Cleveland, Ohio, 44113
Job description
Data Lead
Remote
$160,000-210,000
The Data Lead will play a crucial role in architecting and sustaining our data landscape, encompassing ETL pipelines, vector databases, and retrieval systems tailored for RAG-based applications. This position will oversee data quality, governance, and performance enhancement initiatives, ensuring our platform provides precise, scalable, and cost-effective data-driven solutions.
Responsibilities of the Data Lead
- Data Engineering: Proficient in SQL and Python, with expertise in designing ETL workflows and normalizing/cleaning data.
- Vector Databases & Retrieval: Experience with platforms like Pinecone, Weaviate, Milvus, or pgvector, and knowledge of indexing strategies such as HNSW, IVF, and PQ.
- RAG (Retrieval Augmented Generation): Crafting retrieval methodologies including chunking, embedding selection, and re-ranking.
- Embedding Models: Competence in selecting and assessing embedding models tailored for domain-specific applications.
- Data Modeling & Knowledge Graphs: Familiarity with enhancing connections between structured and unstructured data (preferred but not essential).
- Data Quality & Governance: Establishing benchmarks for metadata management, access controls, data lineage, and data freshness.
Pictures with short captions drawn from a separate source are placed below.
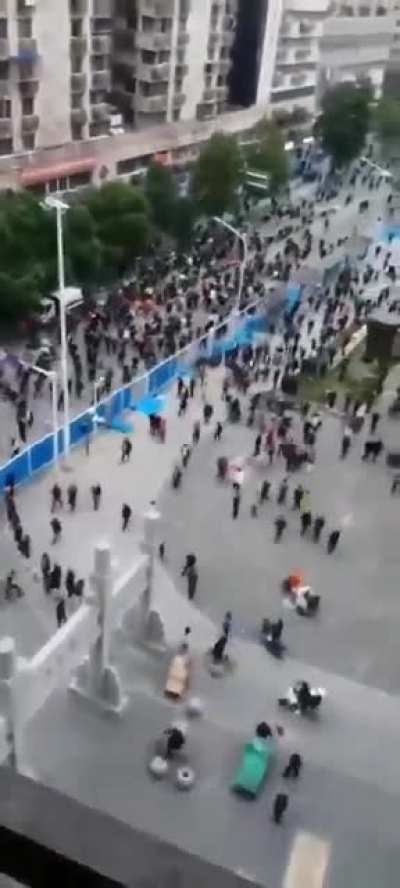 Riots in Wuhan-Protestors tear down lockdown barricades.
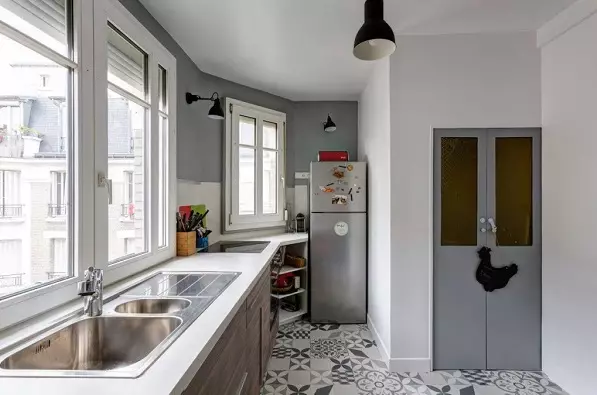 Długa i wąska konstrukcja kuchni (85 zdjęć): wnętrze wydłużonej kuchni z oknem na końcu, mało wąski planowanie kuchni, najlepsze pomysły na projekty pokojowe 2 o 4 metry 9452_18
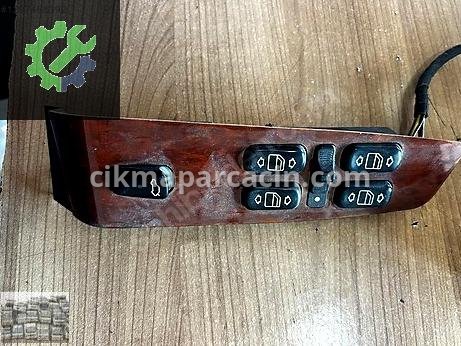 Mercedes-Benz SL Cam Düğmesi çıkma parça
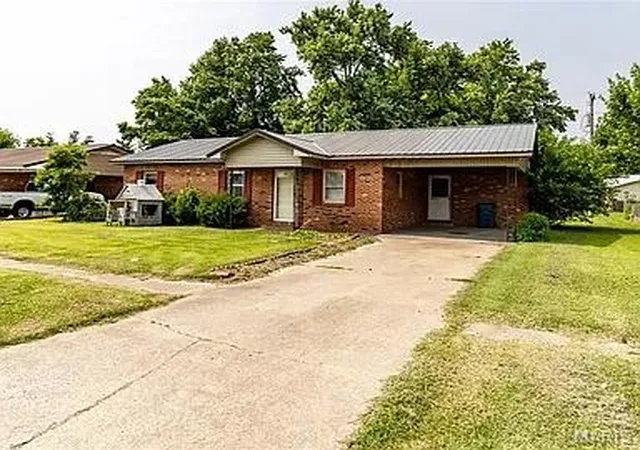 Homes for sale in New Madrid, MO | 141 Saint Catherine, New Madrid, MO 63869 | MLS# MIS26037175
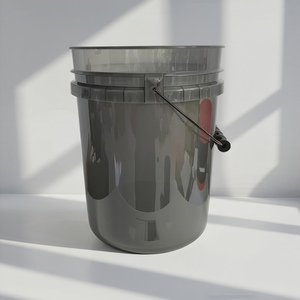 Seau de lavage de voiture transparent fumé <span class=keywords><strong>noir</strong></span> obsidienne de 5 gallons avec poignée en métal et filtre à saleté, logo imprimé - Product Image 1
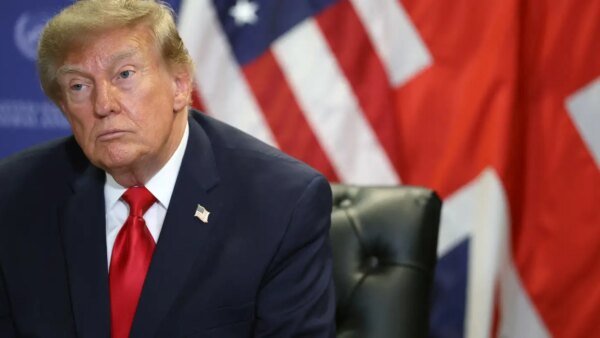 Trump diz acompanhar de perto eleição brasileira e não declarar apoio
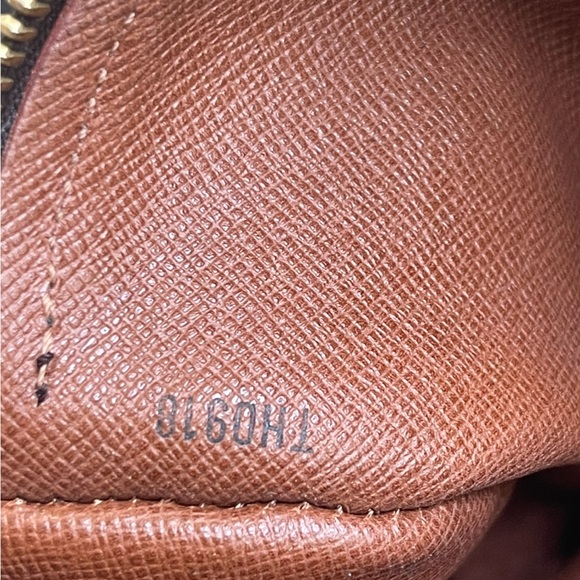 Louis Vuitton Monogram Canvas Papillon 30 Bag. - Picture 5 of 8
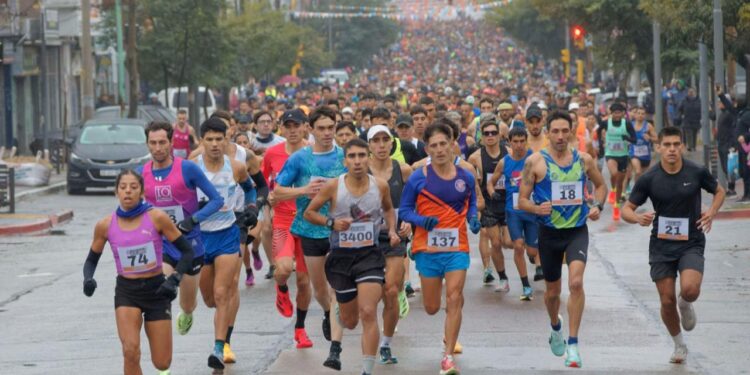 MILES DE ATLETAS SE SUMARON A LA GRAN FIESTA DEL DEPORTE DE BERAZATEGUI
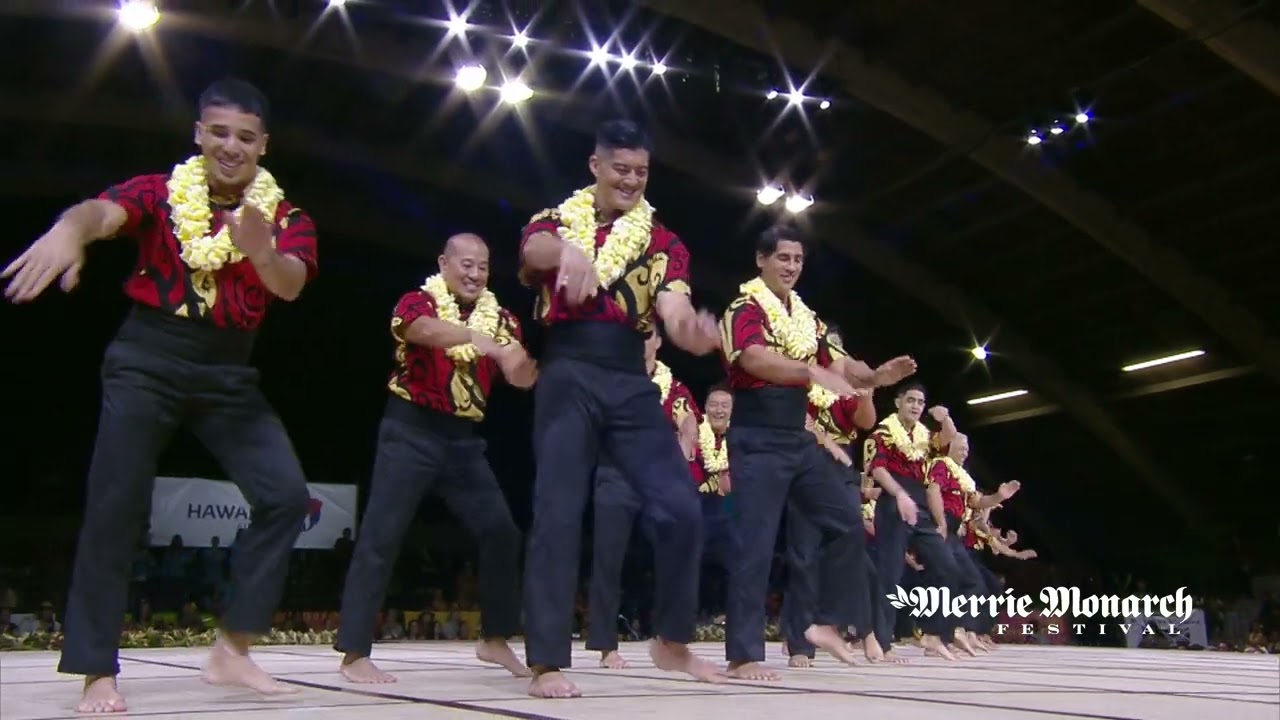 Hālau Nā Kamalei O Līlīlehua • Kumu Robert Uluwehionāpuaikawēkiuokalani Cazimero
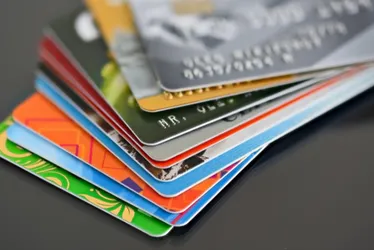 Imagem ilustrativa da imagem Justiça condena bancos por cobrar “dívida infinita” de aposentados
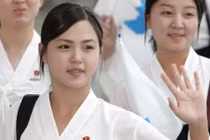 Điều chưa biết về đội cổ vũ xinh đẹp của Triều Tiên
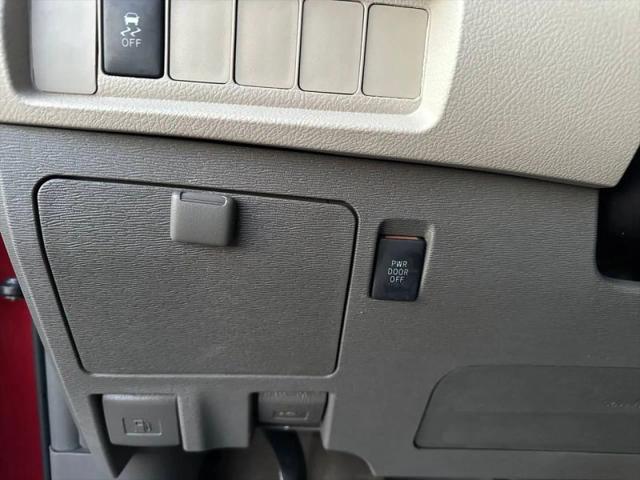 2015 Toyota Sienna LE 7 Passenger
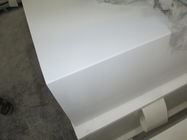 เคาน์เตอร์หินแกรนิตสีขาวสำหรับห้องครัว 2.5 G / Cm3 ความหนาแน่นเป็นกลุ่ม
- Performance Optimization: Assessing and tuning variables like latency, recall/precision, and balancing cost/performance ratios.
Requirements for the Data Lead
- Over 6 years of experience in data engineering, data platform management, or related ML data roles.
- Exceptional skills in SQL and Python for ETL processes and data manipulation.
- Experience with vector database technologies like Pinecone, Weaviate, Milvus, and pgvector.
- Demonstrated proficiency in developing retrieval pipelines for RAG applications.
- In-depth knowledge of embedding models and their assessment criteria.
- Awareness of data quality and governance principles.
- Capacity to enhance systems for improved latency, accuracy, and cost-effectiveness.
#ZR